After the Cup win, injuries would start to become a consistent plague for Adam Foote. Since the start of the 2001-02 season until the end of 2008-09, Foote has missed 120 games due to injury. In order, the injuries were to the following body parts: shoulder, knee, finger, groin, groin, hamstring, foot, hamstring, groin, groin, hip, "lower body", ankle, hip, back, triceps, and head. He missed only five additional games due to illness and a two games for a suspension in 2002 after he cross-checked the crap out of Daymond Langkow.
But even with the missed time, Foote could always be counted on for his solid positioning, his scrappy demeanor and his tough love leadership style as a long-time alternate captain for the Avs (and captain for the Blue Jackets). Consistently on the ice with the opposition's top line, Foote was feared around the league for years as the guy most able to disarm the other team's best scorers. In recent years, his complete and total ownage of Marian Gaborik in the 2007-08 playoffs (one assist in six games, Colorado beat the Wild in the first round) has become legendary. His ability to outplay skilled and speedy forwards much younger than him is now Footer's calling card.

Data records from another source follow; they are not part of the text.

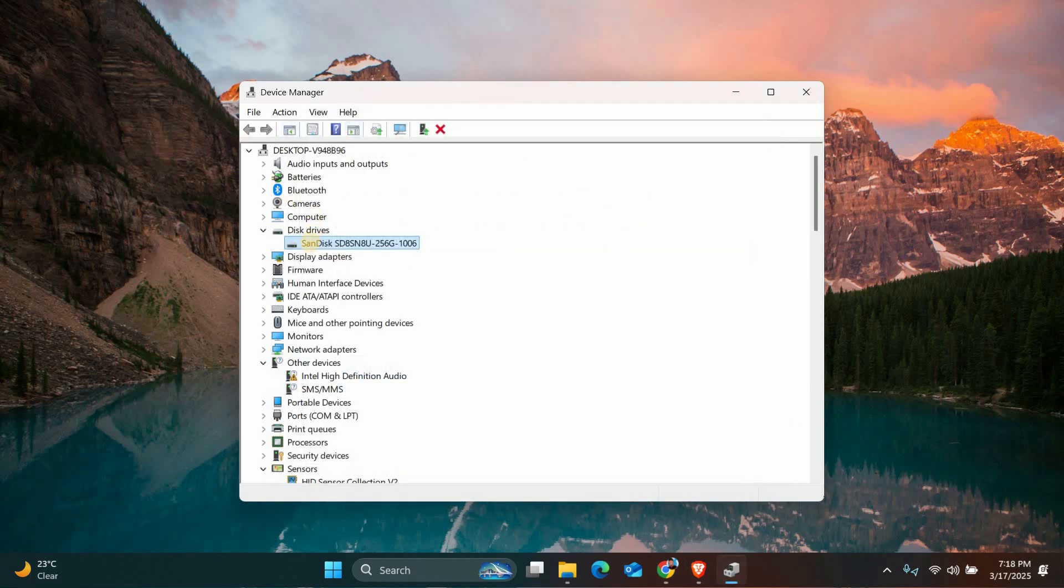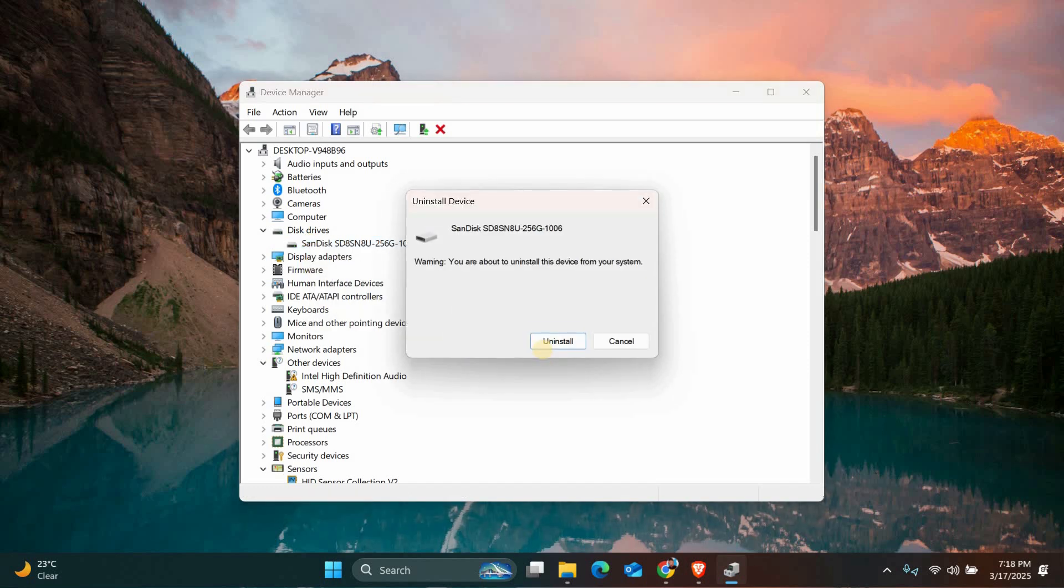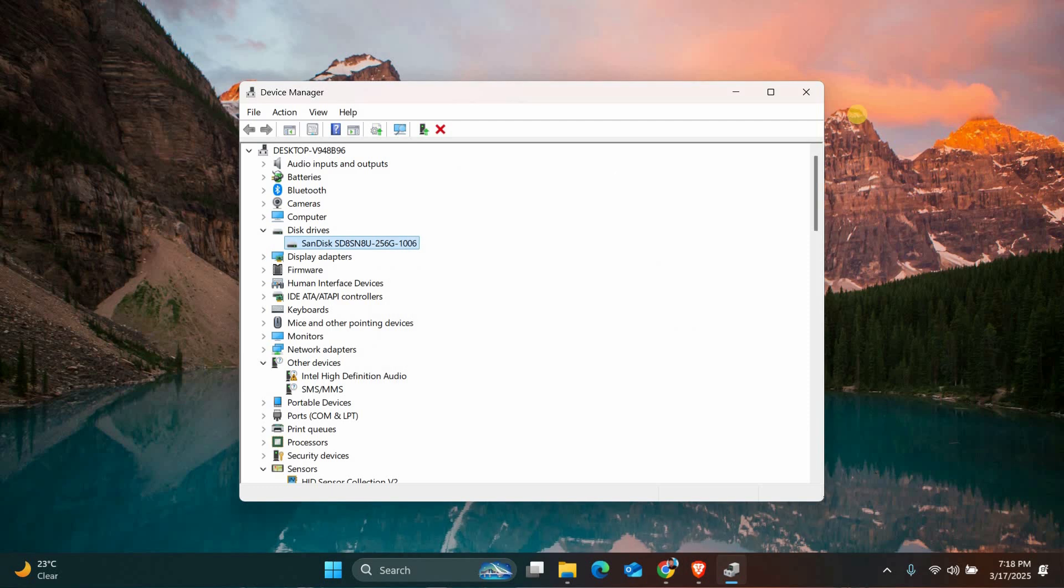If updating the driver doesn't work, try uninstalling it. Right-click on the device again and select Uninstall Device. Restart your computer and Windows will automatically reinstall the driver. This can often resolve any issues with the SD card reader.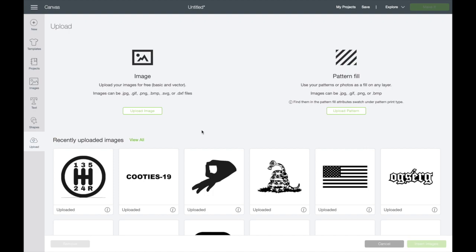When you upload a JPEG or a PNG, it's going to be a solid image that you then have to edit to remove the pieces that you do not want to be there for the design. So for example, if I were uploading this as an image, I would remove the white background and I would remove this white negative space here. But because this is an SVG, it doesn't quite work like that.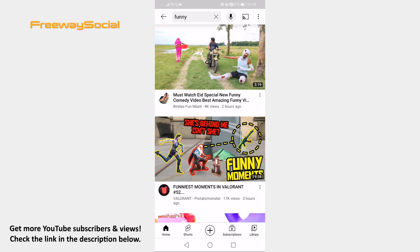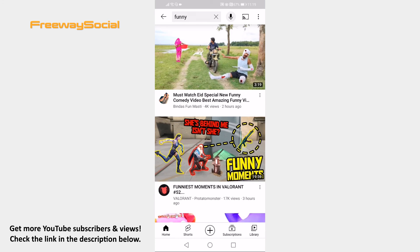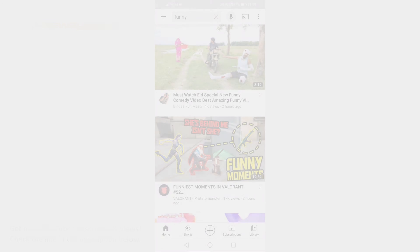That's how it's done. I hope this guide was helpful and you are able to sort search results by newest on YouTube app. Don't forget to like this video and visit us at FreewaySocial.com.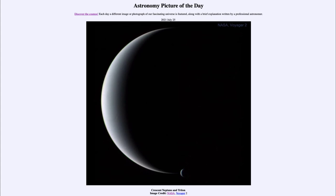Any object illuminated by light will have half of it illuminated and the other half dark, and you can only see half of any object at a given time. For a spherical object like our moon, we can always see half of it. When we look at Neptune from Earth, we always see the illuminated half. When we look at our moon, we see different portions depending on where it is in its orbit around Earth, so we can see different phases from a thin crescent up to a full phase.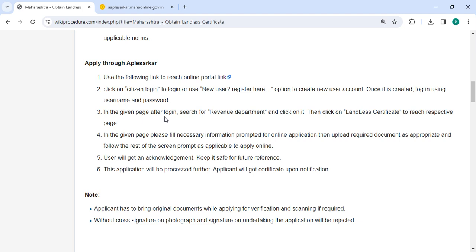After login, you can search for revenue department and click on it. Then click on the landless certificate to reach the respective page.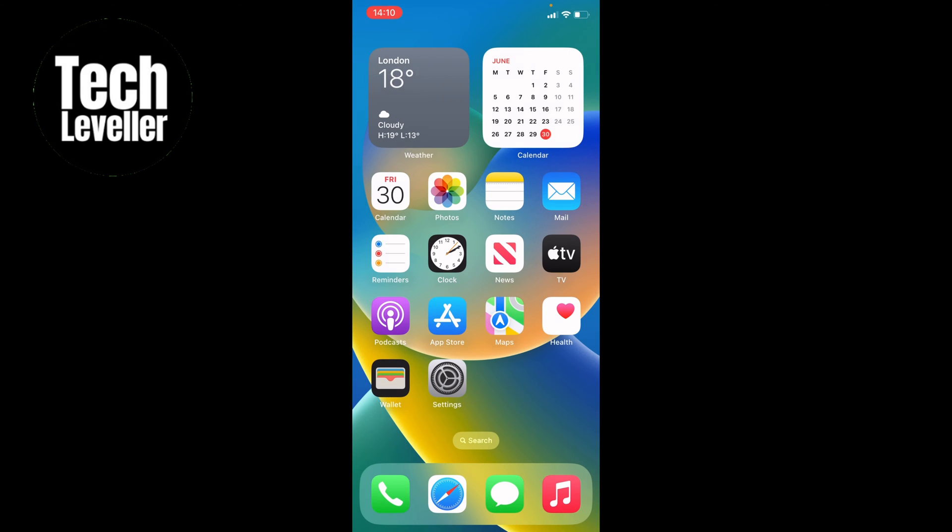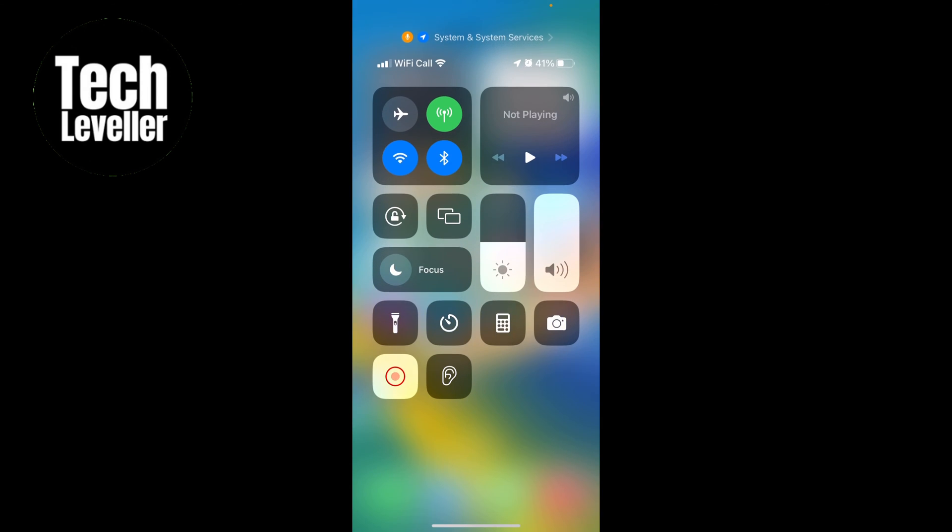Let's swipe that away. First things first, we want to check that Do Not Disturb is not turned on, as if it is the alarm will not sound. Swipe down from the top right hand corner and you can see here this half moon. The focus is not currently turned on, but if it was like this you want to make sure it's tapped off.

Unfortunately, the 2008-09 season, his first full year back with the Avalanche since leaving for Columbus after the Lockout, was marred by serious injuries to his arm and head. He missed forty games, and seemed slower and less capable during the 42 he managed to play. The source of his lackluster performance is unknown, but a combination of age, the inability of his unskilled teammates and poor coaching could definitely be blamed.
Regardless of recent trying times, Adam Foote's legacy in Colorado is secure. His consistent, gritty and driven playing style, his team-first attitude, his hard-headed leadership and all the other qualities that make him a great defenseman will never be forgotten by Avalanche fans. His two Stanley Cup wins don't hurt, either.
Hopefully Footer will make it into the Hall of Fame when he finally retires. Even if he doesn't, he'll always be remembered as one of the very best players to ever wear the Burgundy and Blue, and his high placement among the Top 19 Avalanche Players of All Time will never be in doubt.